Let us assume that the Balfour Declaration never occurred, or that the 7th Zionist Congress accepted Herzl's idea (unlike, I know, but this is a conterfactual history...). Zangwill had the support of Jacob Schiff, a Jewish American banker who, among other things, established the museum that currently puts food on my table. In OTL, Schiff had generously supported Zangwill's other schemes, and I suspect that he would provide the finances for the Uganda Proposal.
The earliest date for which we have census data for Uganda is 1903, coincidentally the year of the Jewish Uganda proposal, so we can say that the black population started out at 1,649,900.
Naturally, the Eastern European Jews who settled in Uganda would speak Yiddish, fulfilling your requirement that the white settlers speak a Germanic language. To survive in such an alien environment, they would need local allies - such as the Abuyahuda, the Falashas, and the Lemba - but would soon overtake them in population (in OTL, Schiff's enterprises brought 10,000 Jews to Galveston. Let's assume that he settled them in Uganda instead).

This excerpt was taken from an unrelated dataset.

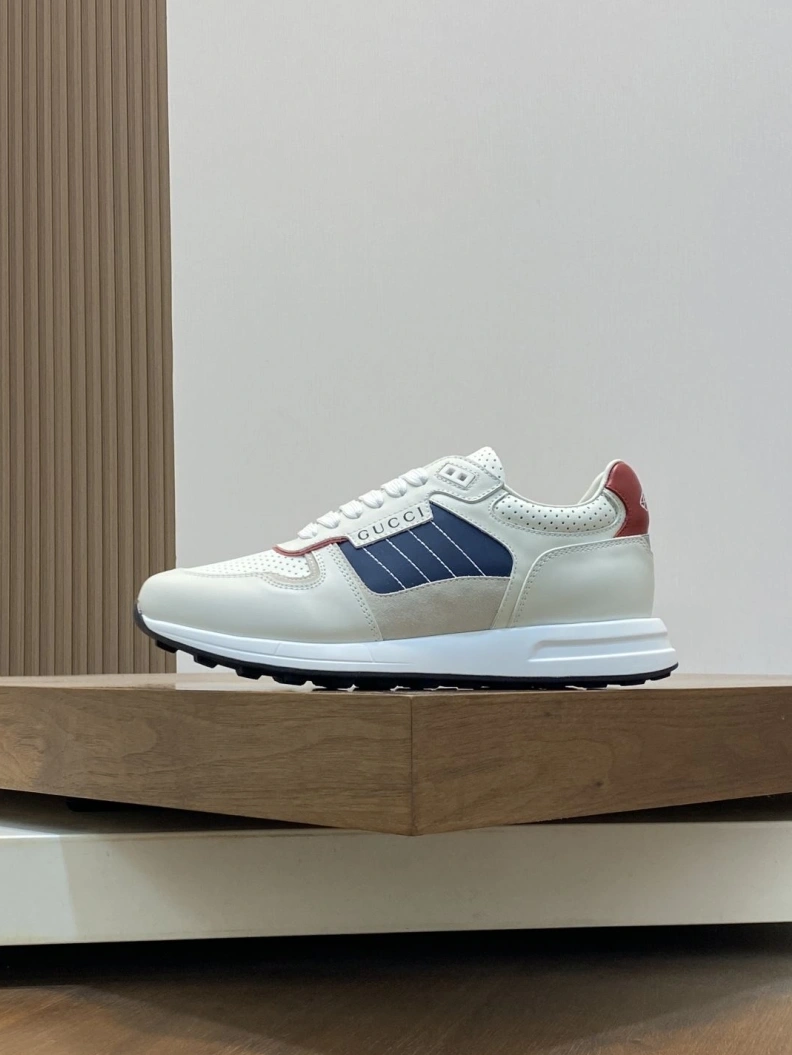 Minimalist Gxccx Casual Shoes 155423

Between 1882 and 1914, over 75,000 Jews immigrated to Palestine, fleeing persecution in their homelands, but half of them left, finding Palestine no more hospitable. If these dissillusioned Jews went to Uganda, then we would have perhaps 32,500.
So, we start with 42,500 Jews. Not much by any standards, but a start. This population will probably double by 1937, at a healthy growth rate. This is, interestingly enough, roughly the number of Jews who were in Palestine at the time.